Crossroads Rescue Mission operates its nonprofit men's shelter and recovery program with money raised from a thrift store it opened eight years ago in an old Lowe's Home Improvement building on South Post Road in Shelby.
"Oh we love this place," said shopper Joanne DeVoe. "We find everything here."
Lowe's has paid the rent on the 70,000 square foot space for years, in support of the Rescue Mission, which helps about 250 men a year to conquer drug and alcohol addictions through a Bible-based program.
Now, the company that owns the building plans to develop the property. That means the thrift store has to go.
Since about 60 percent of the funds needed to operate the shelter come from thrift store sales, Crossroads needs to find a new store location quickly. The lease expires in February.

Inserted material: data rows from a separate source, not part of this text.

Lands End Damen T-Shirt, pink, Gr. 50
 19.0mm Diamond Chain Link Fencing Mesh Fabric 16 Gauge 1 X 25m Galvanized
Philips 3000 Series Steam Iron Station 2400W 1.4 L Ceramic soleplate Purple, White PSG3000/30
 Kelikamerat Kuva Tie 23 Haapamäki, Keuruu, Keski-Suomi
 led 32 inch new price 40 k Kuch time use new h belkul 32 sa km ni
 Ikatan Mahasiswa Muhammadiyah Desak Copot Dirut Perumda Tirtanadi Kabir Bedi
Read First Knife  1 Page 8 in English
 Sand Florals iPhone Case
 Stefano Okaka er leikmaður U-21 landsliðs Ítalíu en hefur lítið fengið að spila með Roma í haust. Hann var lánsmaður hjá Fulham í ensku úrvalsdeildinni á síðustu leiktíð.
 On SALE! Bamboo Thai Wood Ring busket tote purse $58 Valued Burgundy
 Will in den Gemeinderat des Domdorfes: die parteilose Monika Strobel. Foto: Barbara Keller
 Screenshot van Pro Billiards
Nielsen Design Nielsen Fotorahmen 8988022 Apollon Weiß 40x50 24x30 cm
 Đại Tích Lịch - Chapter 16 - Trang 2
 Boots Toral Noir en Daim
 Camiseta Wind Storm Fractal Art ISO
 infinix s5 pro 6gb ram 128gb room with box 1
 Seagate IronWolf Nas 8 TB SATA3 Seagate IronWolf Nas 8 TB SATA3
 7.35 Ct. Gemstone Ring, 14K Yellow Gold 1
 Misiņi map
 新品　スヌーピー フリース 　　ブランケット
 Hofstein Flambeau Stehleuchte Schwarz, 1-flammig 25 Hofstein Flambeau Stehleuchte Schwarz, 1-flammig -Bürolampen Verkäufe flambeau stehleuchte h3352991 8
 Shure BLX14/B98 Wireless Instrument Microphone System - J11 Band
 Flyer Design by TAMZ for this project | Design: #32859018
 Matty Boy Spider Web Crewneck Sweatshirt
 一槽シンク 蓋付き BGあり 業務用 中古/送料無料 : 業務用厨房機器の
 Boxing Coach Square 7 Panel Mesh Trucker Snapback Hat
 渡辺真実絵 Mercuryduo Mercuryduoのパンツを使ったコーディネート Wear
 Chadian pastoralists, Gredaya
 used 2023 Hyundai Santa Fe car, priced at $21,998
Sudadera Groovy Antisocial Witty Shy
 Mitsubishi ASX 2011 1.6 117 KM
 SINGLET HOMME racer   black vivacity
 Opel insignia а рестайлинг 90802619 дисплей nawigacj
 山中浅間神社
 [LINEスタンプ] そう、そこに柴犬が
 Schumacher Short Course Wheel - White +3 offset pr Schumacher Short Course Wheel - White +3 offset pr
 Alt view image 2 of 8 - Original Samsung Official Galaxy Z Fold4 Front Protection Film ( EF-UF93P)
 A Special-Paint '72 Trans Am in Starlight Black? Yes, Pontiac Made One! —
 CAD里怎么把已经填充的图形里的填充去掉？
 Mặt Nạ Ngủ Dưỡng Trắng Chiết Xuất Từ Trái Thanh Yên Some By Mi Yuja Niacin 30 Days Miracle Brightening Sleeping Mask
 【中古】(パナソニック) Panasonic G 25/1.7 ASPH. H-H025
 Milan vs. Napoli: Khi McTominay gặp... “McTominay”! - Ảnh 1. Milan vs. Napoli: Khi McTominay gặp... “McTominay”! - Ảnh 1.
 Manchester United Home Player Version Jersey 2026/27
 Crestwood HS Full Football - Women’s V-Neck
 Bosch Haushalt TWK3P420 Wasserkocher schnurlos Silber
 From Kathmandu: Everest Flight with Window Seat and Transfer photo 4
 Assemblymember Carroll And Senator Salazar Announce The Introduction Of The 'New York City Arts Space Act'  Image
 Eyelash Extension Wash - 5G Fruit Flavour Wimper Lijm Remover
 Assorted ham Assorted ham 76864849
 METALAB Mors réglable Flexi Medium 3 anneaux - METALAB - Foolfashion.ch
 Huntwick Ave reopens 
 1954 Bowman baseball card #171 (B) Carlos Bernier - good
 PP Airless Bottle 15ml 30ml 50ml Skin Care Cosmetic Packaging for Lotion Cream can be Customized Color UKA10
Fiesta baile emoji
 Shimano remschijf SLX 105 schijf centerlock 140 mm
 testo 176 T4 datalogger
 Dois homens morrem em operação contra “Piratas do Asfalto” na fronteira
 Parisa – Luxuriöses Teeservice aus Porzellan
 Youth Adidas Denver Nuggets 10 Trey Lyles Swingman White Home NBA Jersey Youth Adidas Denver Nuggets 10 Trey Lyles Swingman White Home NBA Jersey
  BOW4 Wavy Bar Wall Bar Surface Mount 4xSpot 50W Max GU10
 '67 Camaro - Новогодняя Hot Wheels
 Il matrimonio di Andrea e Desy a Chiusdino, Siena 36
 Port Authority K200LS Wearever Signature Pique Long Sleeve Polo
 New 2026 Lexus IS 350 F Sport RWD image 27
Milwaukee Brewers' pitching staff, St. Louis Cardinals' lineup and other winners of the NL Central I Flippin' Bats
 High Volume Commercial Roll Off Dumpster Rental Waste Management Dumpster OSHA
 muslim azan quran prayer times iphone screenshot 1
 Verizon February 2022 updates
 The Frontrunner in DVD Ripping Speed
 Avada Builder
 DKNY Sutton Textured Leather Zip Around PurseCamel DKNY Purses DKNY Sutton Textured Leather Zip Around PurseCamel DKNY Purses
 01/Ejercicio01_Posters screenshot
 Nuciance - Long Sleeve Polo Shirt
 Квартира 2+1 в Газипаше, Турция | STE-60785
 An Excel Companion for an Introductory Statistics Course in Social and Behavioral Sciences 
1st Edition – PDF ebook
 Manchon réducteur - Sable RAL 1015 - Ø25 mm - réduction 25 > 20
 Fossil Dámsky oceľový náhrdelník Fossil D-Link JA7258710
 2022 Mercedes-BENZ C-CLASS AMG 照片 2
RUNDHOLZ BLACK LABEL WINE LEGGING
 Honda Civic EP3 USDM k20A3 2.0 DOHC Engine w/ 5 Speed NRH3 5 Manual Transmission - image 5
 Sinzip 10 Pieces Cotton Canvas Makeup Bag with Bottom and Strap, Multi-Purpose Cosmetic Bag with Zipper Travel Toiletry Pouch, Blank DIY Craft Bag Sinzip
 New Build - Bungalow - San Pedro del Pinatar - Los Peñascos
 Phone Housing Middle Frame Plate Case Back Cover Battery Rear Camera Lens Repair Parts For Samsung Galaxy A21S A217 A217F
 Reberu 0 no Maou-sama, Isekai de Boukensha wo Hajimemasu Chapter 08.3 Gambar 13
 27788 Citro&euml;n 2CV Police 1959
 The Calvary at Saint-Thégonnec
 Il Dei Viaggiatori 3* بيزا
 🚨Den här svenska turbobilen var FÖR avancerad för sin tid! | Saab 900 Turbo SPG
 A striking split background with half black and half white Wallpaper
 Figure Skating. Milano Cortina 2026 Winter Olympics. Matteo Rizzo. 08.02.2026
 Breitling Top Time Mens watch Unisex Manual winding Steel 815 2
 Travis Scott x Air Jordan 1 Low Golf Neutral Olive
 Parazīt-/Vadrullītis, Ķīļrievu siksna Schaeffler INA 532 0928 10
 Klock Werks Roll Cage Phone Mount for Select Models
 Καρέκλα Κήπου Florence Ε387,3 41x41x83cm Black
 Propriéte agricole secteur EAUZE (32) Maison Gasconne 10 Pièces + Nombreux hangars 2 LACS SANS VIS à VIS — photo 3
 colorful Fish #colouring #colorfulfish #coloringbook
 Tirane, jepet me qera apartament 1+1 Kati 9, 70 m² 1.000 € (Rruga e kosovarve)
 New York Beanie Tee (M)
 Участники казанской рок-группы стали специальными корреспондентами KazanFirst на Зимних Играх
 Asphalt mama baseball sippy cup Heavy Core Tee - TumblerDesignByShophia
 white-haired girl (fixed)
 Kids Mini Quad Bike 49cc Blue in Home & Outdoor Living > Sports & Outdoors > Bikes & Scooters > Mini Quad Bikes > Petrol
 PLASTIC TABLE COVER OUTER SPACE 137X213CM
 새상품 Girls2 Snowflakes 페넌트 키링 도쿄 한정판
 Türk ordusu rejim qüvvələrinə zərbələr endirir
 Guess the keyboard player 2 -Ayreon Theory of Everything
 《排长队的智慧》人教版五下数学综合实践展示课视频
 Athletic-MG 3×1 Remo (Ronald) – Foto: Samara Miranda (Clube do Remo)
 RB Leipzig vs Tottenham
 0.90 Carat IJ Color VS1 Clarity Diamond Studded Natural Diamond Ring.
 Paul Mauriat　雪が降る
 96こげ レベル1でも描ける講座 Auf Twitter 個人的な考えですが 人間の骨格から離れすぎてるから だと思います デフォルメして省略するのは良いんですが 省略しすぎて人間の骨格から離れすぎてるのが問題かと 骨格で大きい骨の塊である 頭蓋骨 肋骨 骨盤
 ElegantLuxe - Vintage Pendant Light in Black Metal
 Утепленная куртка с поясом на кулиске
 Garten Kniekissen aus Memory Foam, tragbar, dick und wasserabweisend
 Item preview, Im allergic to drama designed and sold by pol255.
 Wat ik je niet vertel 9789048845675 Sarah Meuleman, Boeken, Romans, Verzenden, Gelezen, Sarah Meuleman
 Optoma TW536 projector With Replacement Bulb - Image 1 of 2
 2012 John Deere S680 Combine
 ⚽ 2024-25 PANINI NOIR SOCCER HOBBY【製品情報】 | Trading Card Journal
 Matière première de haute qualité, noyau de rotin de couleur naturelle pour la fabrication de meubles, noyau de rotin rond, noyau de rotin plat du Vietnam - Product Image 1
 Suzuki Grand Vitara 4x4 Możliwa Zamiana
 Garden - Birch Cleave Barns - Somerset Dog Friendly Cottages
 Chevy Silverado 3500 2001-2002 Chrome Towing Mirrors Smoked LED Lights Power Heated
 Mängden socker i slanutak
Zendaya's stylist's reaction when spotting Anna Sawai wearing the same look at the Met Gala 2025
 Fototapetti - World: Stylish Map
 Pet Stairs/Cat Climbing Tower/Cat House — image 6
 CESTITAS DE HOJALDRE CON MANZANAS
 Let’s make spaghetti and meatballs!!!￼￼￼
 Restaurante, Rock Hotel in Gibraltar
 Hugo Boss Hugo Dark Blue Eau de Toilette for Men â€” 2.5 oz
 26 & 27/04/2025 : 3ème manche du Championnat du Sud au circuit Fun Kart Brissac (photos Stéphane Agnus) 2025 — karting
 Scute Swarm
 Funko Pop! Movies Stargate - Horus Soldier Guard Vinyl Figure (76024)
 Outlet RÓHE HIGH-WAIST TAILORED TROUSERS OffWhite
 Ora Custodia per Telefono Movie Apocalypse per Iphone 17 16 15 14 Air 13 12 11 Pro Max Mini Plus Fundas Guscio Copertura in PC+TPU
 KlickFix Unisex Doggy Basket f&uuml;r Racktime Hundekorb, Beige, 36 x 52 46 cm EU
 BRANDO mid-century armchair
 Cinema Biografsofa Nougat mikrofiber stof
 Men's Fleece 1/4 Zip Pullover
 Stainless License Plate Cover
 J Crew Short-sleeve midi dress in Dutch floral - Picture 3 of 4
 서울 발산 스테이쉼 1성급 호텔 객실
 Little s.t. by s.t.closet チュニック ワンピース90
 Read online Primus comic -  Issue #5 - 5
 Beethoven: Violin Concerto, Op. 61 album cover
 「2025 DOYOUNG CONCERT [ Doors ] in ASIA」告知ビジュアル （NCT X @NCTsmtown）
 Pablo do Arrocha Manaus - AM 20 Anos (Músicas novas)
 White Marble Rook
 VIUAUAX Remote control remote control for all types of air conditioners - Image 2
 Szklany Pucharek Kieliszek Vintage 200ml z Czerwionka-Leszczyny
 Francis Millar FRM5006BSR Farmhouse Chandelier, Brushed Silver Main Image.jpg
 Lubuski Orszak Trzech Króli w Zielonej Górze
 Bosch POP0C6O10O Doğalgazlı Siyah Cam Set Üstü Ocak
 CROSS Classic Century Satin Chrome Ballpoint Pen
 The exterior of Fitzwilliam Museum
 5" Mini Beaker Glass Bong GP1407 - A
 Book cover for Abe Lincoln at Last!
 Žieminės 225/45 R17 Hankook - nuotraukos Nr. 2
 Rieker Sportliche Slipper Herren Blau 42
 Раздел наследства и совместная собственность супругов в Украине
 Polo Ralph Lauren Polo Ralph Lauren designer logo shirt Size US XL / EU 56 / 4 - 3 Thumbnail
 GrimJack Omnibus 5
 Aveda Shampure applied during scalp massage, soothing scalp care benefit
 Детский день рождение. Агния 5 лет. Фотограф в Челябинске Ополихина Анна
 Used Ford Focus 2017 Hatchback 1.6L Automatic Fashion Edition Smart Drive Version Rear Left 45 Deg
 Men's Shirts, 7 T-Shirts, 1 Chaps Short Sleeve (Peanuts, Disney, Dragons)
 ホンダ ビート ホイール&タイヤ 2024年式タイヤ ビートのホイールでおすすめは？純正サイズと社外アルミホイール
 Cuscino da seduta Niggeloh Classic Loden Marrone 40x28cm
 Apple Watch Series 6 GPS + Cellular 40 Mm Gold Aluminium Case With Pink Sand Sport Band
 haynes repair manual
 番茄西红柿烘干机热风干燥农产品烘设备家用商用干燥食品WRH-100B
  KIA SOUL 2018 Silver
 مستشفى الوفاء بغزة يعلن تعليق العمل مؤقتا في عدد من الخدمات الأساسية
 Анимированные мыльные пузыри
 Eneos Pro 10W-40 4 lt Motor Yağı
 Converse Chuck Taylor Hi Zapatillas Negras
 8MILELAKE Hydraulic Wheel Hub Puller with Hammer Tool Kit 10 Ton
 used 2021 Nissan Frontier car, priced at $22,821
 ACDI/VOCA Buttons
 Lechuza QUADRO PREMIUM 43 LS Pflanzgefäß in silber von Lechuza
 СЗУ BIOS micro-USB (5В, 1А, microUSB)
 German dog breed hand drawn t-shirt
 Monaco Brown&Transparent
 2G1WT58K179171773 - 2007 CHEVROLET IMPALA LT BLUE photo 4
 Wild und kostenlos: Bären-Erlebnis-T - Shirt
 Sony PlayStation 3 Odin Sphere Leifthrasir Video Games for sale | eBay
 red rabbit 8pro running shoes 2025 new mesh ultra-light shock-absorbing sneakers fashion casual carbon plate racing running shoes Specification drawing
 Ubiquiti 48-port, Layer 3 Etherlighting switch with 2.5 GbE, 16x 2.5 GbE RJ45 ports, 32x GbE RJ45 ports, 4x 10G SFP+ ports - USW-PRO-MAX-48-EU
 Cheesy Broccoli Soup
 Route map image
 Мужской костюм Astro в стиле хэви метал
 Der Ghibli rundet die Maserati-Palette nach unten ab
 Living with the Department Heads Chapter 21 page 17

According to Crossroads executive director Rocky Shelton, Lowe's doesn't have any other spaces it's leasing that are close enough for the mission to use them.
That means Shelton is keeping an eye out for a new space to lease. He says even though the mission has been blessed with a huge building for the past eight years, he's willing to downsize to a smaller location, around 30,000 square feet. He's praying someone can donate the space or offer it at a low cost.
Crossroads houses about 45 men at a time and helps them recover from a variety of addictions. Shelton is a former alcohol and drug addict himself, who served prison time for robbing a drug store. While in prison, his wife brought him a Bible.
"She said, 'You've tried everything else,'" said Shelton. "How about trying the Lord?"
He took the Bible, asked Jesus to save him, and has never looked back.
"I've never been the same," said Shelton.
The shelter he started is full of similar stories. Alex Portice is 20 years old. He tried drugs as a teen, thinking he wouldn't get addicted. He quickly found out he was wrong.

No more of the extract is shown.